NAIRN AND HYMAN - The mayor of the Township of Nairn and Hyman said he was not surprised the Sudbury and District Health Unit condemned the town council's recent decision to remove fluoride from the local water supply.
The April 11 vote to end water fluoridation in the township was months in the making, said Mayor Laurier Falldien, and was preceded by a presentation from the health unit to convince the municipality to keep fluoride in its water supply.
But due to vocal concern from some citizens, the township decided to follow other Ontario municipalities, like Parry Sound, most recently, and move away from water fluoridation.
Falldien said around 100 individuals in the township are connected to the municipal water supply, and around 20 people voiced concerns about fluoridation.
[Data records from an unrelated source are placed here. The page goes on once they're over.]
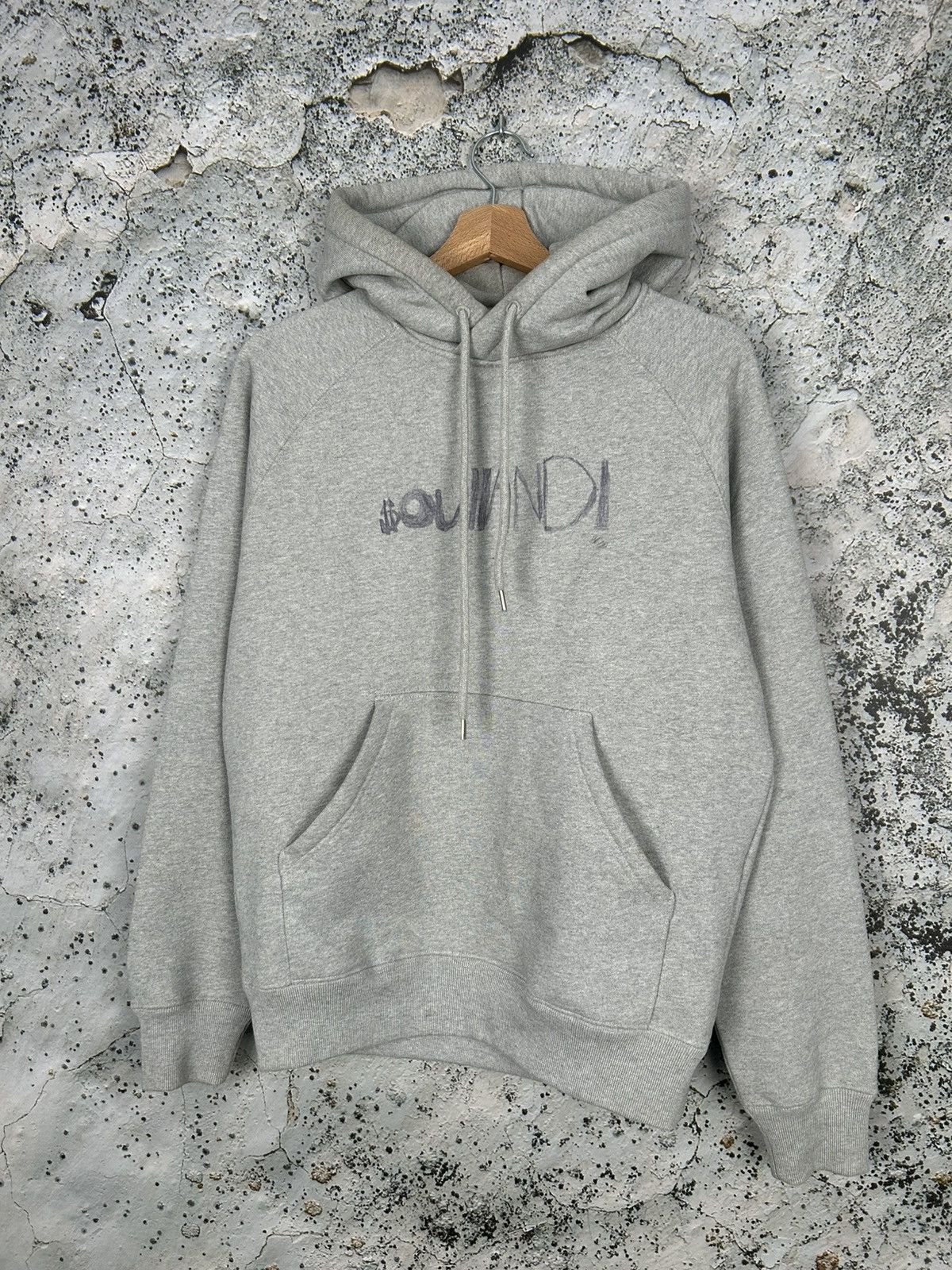 Soulland Grey Hoodie Streetwear Skateboarding Rap Baggy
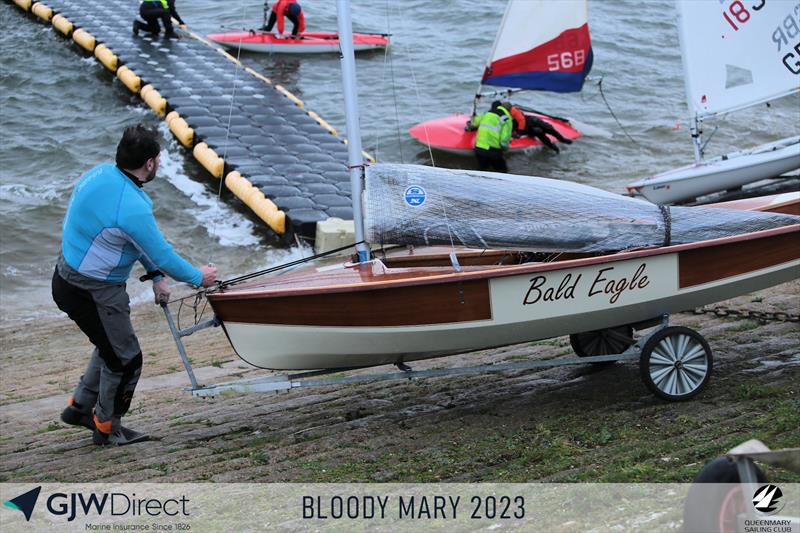 GJW Direct Bloody Mary 2023 photo copyright Mark Jardine taken at Queen Mary Sailing Club and featuring the Dinghy class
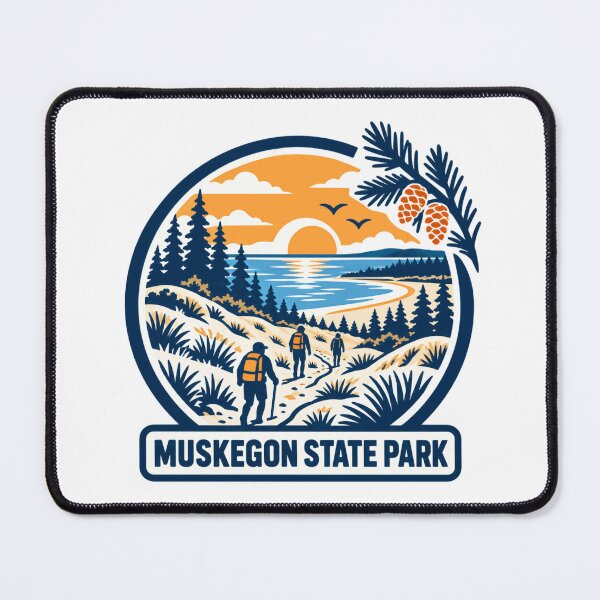 Item preview, Muskegon State Park Michigan Hiking Outdoors Explorer designed and sold by JasonStars123.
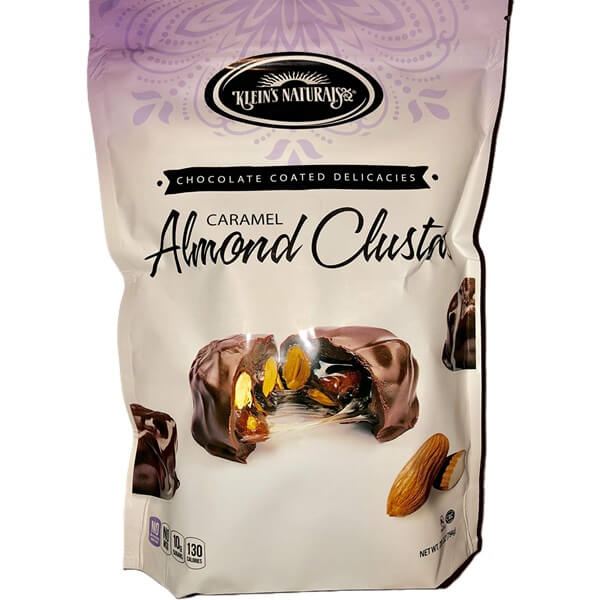 Chocolate Coated Caramel Almond Clusters - Gluten Free
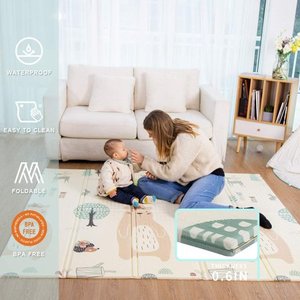 lot 2922 image: Baby Play mat, playmat,Baby mat Folding Extra Large Thick Foam Crawling playmats Reversible Waterproof Portable playmat for Babies (Bear)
In a survey to residents, 80 per cent of respondents said they wanted fluoride removed from the water system.
“The big concern is what's happening to the body when fluoride is ingested,” he said. “We can't control a dosage of something we're basically forcing people to take into their bodies.”
Falldien said some residents were worried about the impact neurological effects of ingesting fluoride and how the inorganic compound is stored in the bones.
“I believe that in the future we're going to see more evidence against the benefits of fluoride in water,” Falldien said.
But the Sudbury and District Health Unit strongly condemned the township's decision during its board meeting Wednesday.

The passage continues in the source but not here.